Asphalt Mixing Plant Types


Hot mix asphalt facilities can be broadly classified as either drum mix plants or batch mix plants, according to the process by which the raw materials are mixed. In a batch mix plant, the aggregate is dried first, then transferred to a mixer where it is mixed with the liquid asphalt. In a drum mix plant, a rotary dryer serves to dry the aggregate and mix it with the liquid asphalt cement. After mixing, the HMA generally is transferred to a storage bin or silo, where it is stored temporarily. From the silo, the HMA is emptied into haul trucks, which transport the material to the job site.
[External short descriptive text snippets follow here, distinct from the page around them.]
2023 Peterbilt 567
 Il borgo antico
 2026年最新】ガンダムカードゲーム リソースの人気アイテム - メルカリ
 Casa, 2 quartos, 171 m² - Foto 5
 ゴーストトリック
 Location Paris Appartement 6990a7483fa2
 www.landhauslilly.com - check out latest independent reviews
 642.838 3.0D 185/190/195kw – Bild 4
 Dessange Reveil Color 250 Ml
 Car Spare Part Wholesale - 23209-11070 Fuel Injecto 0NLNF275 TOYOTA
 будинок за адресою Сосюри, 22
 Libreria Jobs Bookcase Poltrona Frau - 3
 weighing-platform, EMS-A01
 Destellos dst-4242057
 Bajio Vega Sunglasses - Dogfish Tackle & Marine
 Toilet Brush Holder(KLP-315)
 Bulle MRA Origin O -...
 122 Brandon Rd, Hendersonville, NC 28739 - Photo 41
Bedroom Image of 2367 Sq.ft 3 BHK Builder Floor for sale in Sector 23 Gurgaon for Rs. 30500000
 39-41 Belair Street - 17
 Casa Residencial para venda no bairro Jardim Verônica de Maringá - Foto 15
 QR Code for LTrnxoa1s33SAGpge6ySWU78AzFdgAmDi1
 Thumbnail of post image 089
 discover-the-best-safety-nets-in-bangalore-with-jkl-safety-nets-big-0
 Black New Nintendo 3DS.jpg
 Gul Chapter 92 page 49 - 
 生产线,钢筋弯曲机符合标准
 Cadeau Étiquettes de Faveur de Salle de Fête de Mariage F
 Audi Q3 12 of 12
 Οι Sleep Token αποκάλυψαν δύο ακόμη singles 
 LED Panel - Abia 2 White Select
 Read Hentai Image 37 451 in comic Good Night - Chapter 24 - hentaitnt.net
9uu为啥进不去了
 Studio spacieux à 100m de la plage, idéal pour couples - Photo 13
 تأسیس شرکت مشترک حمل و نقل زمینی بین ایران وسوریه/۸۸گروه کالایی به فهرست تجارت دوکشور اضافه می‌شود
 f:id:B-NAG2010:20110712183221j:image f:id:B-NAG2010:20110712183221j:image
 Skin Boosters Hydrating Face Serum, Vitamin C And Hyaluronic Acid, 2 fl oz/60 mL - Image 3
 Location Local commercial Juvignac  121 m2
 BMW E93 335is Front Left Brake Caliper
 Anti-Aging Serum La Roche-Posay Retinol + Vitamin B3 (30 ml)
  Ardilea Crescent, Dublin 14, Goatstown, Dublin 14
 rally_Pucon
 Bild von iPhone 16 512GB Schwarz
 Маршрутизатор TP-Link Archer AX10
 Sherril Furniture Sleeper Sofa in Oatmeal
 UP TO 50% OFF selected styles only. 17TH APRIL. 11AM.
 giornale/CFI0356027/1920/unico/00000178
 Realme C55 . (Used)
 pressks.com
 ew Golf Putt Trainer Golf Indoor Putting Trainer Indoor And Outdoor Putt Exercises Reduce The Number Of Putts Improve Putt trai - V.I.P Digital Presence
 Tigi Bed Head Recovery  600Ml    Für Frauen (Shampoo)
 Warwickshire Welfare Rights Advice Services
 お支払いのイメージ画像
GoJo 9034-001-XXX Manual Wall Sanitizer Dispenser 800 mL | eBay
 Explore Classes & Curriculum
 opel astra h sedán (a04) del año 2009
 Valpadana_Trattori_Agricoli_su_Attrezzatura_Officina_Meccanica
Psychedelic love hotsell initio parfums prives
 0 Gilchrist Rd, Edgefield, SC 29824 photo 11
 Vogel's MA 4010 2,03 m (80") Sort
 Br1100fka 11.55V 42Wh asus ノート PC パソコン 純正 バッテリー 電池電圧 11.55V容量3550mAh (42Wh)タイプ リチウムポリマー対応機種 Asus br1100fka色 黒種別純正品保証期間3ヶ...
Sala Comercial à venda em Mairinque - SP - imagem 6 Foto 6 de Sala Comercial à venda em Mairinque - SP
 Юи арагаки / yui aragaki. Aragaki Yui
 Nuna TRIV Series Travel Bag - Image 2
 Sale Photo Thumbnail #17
process of batch mix asphalt plant

process of  drum mix asphalt plant

Batch Mix Plant

Processing begins as the aggregate is hauled from onsite storage piles and is placed in the appropriate hoppers of the cold feed unit. The material is metered from the hoppers onto a conveyer belt and is transported into a rotary dryer (typically gas- or oil-fired). As the hot aggregate leaves the dryer, it drops into a bucket elevator, is transferred to a set of vibrating screens, then separated into as many as four different grades (sizes), and dropped into “hot” bins according to size. At newer facilities, RAP may be transferred to a separate heated storage bin. At the same time, liquid asphalt cement is pumped from a heated storage tank to an asphalt bucket, where it is weighed to achieve the desired aggregate-to-asphalt cement ratio in the final mix. To control the aggregate size distribution in the final batch mix, the operator transfers material from various hot bins (and RAP bins, if used) to a weigh hopper until the desired mix and weight are obtained. The aggregate from the weigh hopper is dropped into the mixer (pug mill) and dry-mixed for 6 to 10 seconds. The liquid asphalt is then dropped into the pug mill where it is mixed for an additional period of time. At older plants, RAP typically is conveyed directly to the pug mill from a storage hopper and combined with the hot aggregate. Total mixing time usually is less than 60 seconds. Then, the hot mix is conveyed to a hot storage silo or is dropped directly into a truck and hauled to the job site.

Drum Mix Plant

This process is a continuous mixing type process. The major difference between this process and the batch process is that the dryer is used not only to dry the material but also to mix the heated and dried aggregates with the liquid asphalt cement. In a parallel flow drum mixer, the aggregate is introduced to the drum at the burner end. As the drum rotates, the aggregate, as well as the combustion products from the burner, move toward the other end of the drum in parallel. Liquid asphalt cement is introduced in the mixing zone midway down the drum in a lower temperature zone, along with any RAP and PM from collectors. In a counterflow drum mixer, the material flow in the drum is opposite or counterflow to the direction of exhaust gases. In addition, the liquid asphalt cement mixing zone is located behind the burner flame zone so as to remove the materials from direct contact with hot exhaust gases. After mixing, the mixture is discharged at the end of the drum and is conveyed to either a surge bin or HMA storage silos

In a parallel flow mixer, the exhaust gases also exit the end of the drum and pass on to the collection system. Parallel flow drum mixers have an advantage, in that mixing in the discharge end of the drum captures a substantial portion of the aggregate dust, therefore lowering the load on the downstream PM collection equipment. For this reason, most parallel flow drum mixers are followed only by primary collection equipment (usually a baghouse or venturi scrubber). However, because the mixing of aggregate and liquid asphalt cement occurs in the hot combustion product flow, organic emissions (gaseous and liquid aerosol) may be greater than in other processes.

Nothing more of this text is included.